The final budget outcome for 2020/21 was an underlying budget deficit of $134.2 billion.

The final budget outcome for 2020/21 was an underlying budget deficit of $134.2 billion. Photo: AAP

Relax.

According to Treasury over the next 40 years the average income of a full-time employee is going to surge from $89,000 today to $164,000 in 2060, and that’s after for adjusting for inflation. In other good news, life expectancy is tipped to rise, and the GDP of the Australian economy is expected to more than double in size.

But despite all the good news heading our way the Treasurer wants you to be afraid. Very afraid.

The front page of The Australian moaned ‘Our bleak future: Births to fall, deficits to stay’.

The Australian Financial Review focused on ‘40 years of deficits’, but what neither paper reported – because the Treasurer Josh Frydenberg didn’t mention it – is that all of the Budget numbers in the so-called Intergenerational Report (IGR) are based on the assumption that we all have a lifetime of big tax cuts heading our way.

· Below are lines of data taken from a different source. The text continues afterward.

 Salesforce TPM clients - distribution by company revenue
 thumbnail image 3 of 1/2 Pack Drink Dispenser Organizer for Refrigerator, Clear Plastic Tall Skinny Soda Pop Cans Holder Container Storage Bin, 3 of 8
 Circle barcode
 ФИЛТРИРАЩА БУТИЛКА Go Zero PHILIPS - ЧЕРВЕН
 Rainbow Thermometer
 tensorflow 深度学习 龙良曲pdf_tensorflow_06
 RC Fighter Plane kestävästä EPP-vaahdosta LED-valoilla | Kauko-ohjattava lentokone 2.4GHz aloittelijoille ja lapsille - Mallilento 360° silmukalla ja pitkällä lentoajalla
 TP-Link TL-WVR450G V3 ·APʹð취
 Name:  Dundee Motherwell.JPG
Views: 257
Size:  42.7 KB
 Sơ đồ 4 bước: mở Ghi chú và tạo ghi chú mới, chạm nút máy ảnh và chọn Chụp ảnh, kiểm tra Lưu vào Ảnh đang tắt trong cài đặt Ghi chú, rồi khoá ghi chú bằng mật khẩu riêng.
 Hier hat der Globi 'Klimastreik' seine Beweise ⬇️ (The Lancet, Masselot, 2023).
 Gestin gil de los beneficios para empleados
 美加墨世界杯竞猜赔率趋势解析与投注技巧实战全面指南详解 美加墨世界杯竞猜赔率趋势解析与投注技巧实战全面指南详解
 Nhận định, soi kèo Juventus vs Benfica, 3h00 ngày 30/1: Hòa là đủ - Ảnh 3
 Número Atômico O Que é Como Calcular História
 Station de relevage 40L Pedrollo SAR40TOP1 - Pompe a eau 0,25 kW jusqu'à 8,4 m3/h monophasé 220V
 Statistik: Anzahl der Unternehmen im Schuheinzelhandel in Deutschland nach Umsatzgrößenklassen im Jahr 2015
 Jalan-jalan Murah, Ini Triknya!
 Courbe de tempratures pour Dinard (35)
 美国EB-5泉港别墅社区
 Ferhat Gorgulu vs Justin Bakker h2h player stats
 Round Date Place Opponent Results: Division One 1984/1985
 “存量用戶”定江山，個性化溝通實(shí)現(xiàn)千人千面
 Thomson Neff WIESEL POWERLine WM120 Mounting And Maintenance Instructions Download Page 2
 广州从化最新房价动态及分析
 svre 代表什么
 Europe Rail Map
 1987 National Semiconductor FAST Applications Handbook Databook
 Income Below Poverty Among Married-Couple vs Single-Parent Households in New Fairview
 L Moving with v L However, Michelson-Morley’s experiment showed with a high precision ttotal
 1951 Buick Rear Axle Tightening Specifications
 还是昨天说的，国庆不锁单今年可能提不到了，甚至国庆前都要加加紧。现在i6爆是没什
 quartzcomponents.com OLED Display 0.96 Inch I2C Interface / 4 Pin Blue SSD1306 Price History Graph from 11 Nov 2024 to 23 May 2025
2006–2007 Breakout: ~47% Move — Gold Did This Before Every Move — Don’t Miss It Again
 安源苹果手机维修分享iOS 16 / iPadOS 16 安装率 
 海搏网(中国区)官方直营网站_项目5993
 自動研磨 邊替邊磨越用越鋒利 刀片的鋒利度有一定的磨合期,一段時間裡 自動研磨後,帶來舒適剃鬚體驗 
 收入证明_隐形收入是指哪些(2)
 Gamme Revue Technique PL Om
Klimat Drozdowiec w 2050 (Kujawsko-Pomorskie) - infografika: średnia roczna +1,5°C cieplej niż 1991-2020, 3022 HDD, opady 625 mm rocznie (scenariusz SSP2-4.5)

Indeed, Treasury is forecasting that even after Scott Morrison’s so called ‘Stage 3 tax cuts’ deliver more than $9000 per year in tax cuts to high-income earners in 2025, there will be further income tax cuts every year between 2035 and 2060. Scary, huh?

You would think that forecasting decades of income tax cuts would be a big, good news story for the Morrison government.

But again – the whole point of the Intergenerational Report is to scare Australians into believing that we need another big dose of ‘reform’ if we are to stop the economy going to hell in a handbasket.

If people thought that the economy and the budget were in good shape, they might start demanding simple things like more funding for health, education and protecting the environment.

And the last thing the Australian Treasurer wants is for the Australian economy to start looking more like the successful Nordic countries.

So, how do you make 40 years of growth and prosperity seem like bad news?

40 years of income tax cuts could be confused for education funding

Spending on education and health is expected to increase as the economy rebounds.

Simple. Bury some dodgy assumptions deep in the economic modelling and hope no one asks any simple questions about them.

The main assumption that drives the ‘looming catastrophe’ story is that spending on health and education is expected to grow, but that revenue from our progressive income tax system is assumed to be capped at an arbitrary, and meaningless, 12.7 per cent of GDP.

Yep, you read that right. Even though the inflation-adjusted average income is expected to rise to $164,000 by 2060, the Intergenerational Report assumes that we won’t get any steady increase in income tax revenue because Treasury assumes future governments will cut income tax rates to ensure their arbitrary cap is never breached.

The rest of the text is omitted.